INPUT:
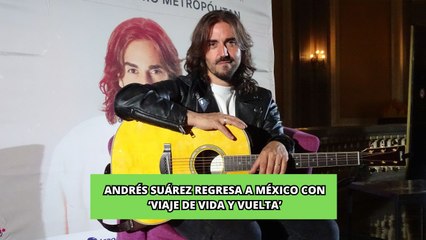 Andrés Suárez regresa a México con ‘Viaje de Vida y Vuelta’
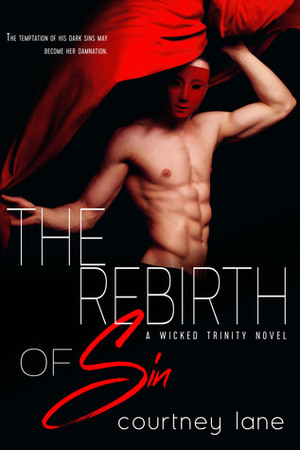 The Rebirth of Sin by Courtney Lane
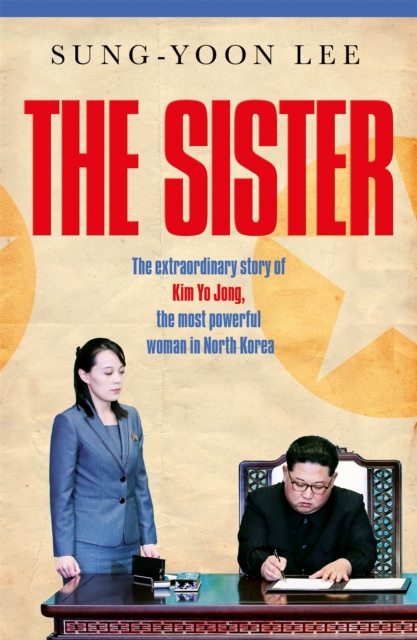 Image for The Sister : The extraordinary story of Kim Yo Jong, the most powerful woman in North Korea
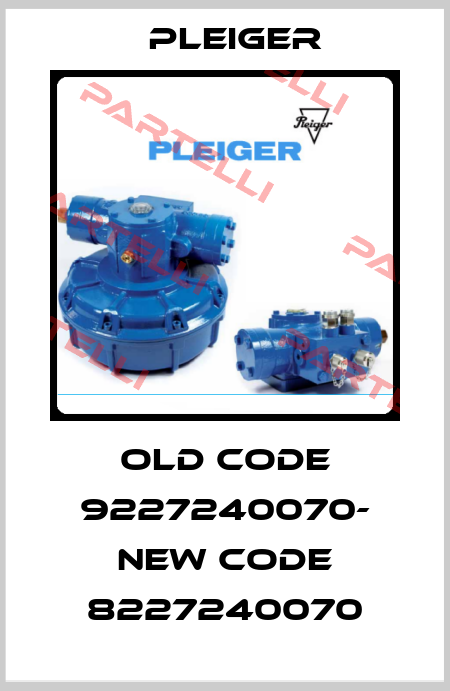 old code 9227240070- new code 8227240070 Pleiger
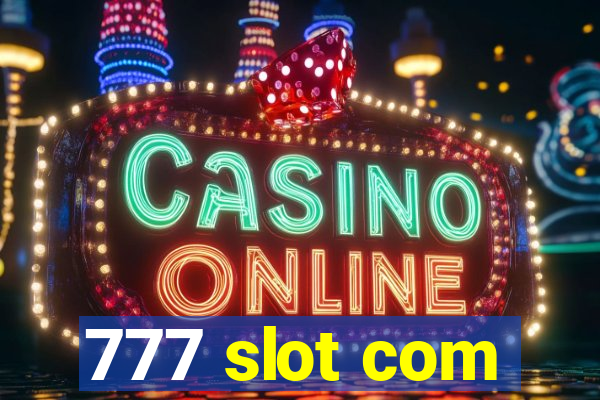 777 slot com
---
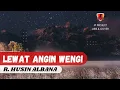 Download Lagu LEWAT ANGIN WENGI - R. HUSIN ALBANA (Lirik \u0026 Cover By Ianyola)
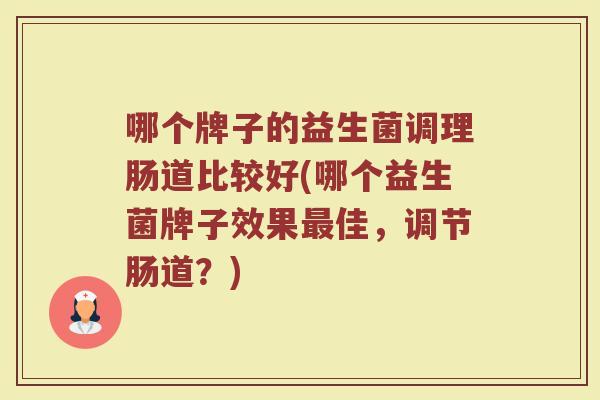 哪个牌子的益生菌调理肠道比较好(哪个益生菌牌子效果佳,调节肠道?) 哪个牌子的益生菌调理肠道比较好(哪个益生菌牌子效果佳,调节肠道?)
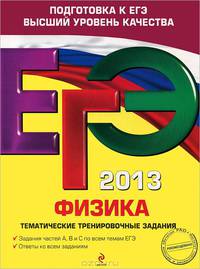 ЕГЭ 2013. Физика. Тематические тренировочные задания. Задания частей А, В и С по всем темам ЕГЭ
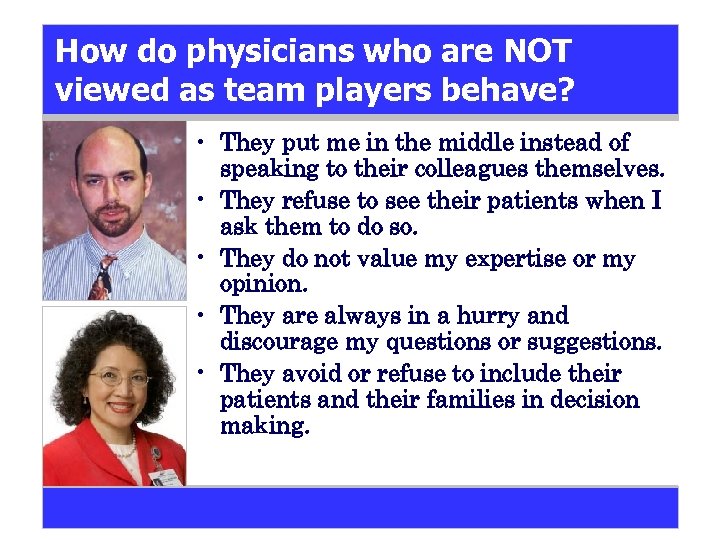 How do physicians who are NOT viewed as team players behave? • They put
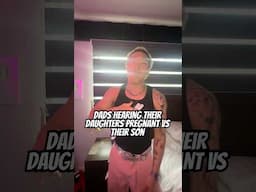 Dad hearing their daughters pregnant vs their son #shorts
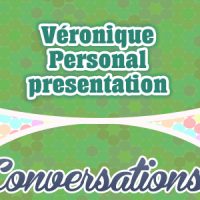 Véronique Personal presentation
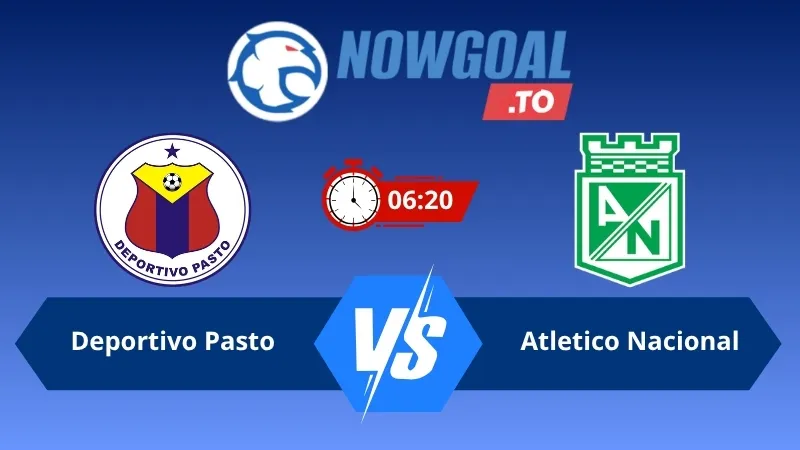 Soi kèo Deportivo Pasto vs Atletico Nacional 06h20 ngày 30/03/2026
...
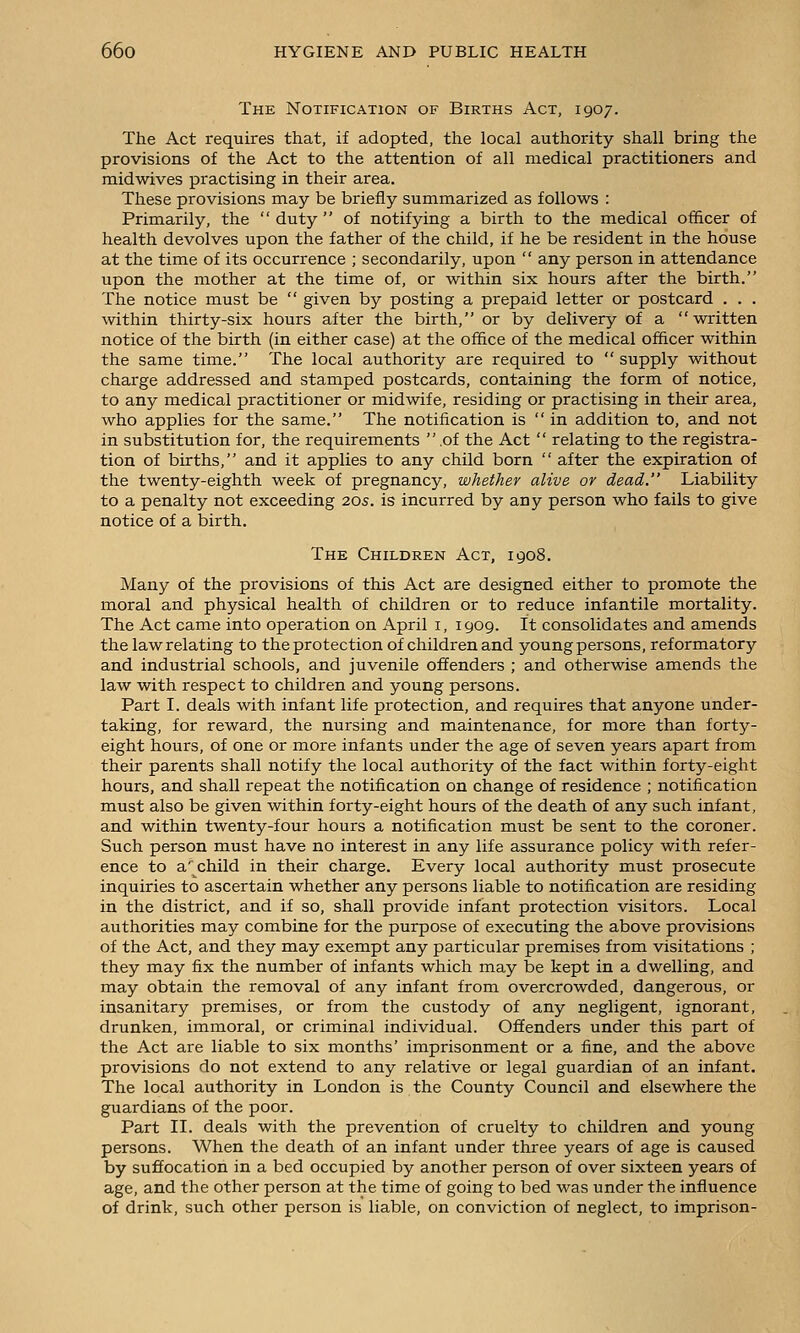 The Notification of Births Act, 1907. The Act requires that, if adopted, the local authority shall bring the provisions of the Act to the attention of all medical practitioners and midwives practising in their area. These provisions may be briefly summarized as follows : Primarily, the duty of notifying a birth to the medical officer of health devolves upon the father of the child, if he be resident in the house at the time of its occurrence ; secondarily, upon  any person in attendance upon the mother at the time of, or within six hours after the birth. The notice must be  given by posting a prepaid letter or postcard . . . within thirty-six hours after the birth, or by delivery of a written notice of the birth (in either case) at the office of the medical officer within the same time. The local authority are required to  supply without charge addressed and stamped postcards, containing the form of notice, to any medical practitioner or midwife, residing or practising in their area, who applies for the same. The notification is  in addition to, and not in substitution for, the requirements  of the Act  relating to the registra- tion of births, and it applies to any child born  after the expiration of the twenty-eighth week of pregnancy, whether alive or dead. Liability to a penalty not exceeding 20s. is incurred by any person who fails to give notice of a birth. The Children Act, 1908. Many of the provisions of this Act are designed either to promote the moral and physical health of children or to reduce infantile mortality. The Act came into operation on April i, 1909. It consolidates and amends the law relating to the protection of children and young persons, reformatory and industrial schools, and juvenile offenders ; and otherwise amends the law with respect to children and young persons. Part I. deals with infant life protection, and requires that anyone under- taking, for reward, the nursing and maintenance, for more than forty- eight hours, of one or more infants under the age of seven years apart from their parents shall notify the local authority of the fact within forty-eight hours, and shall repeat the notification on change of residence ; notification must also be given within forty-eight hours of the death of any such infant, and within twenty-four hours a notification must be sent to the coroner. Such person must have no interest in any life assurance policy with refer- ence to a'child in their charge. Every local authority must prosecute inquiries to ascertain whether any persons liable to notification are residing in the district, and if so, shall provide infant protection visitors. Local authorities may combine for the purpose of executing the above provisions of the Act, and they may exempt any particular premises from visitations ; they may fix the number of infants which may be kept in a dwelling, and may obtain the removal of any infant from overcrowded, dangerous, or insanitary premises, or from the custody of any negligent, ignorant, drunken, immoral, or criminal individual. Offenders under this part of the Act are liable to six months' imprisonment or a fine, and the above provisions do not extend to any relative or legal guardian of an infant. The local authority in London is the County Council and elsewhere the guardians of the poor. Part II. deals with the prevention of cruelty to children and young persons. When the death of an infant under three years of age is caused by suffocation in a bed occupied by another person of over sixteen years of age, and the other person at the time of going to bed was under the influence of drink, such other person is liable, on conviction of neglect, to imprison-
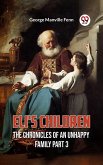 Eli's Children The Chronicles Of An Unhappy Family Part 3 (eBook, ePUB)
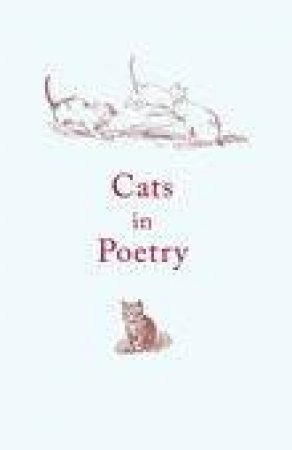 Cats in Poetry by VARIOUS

TASK BRIEF: Although pictures appear among the records above, write out exactly only the lines from the one that has "Andrés Suárez regresa" through the one that has "777 slot com", and leave the pictures out.

ANSWER BOX:
 Andrés Suárez regresa a México con ‘Viaje de Vida y Vuelta’
 The Rebirth of Sin by Courtney Lane
 Image for The Sister : The extraordinary story of Kim Yo Jong, the most powerful woman in North Korea
 old code 9227240070- new code 8227240070 Pleiger
 777 slot com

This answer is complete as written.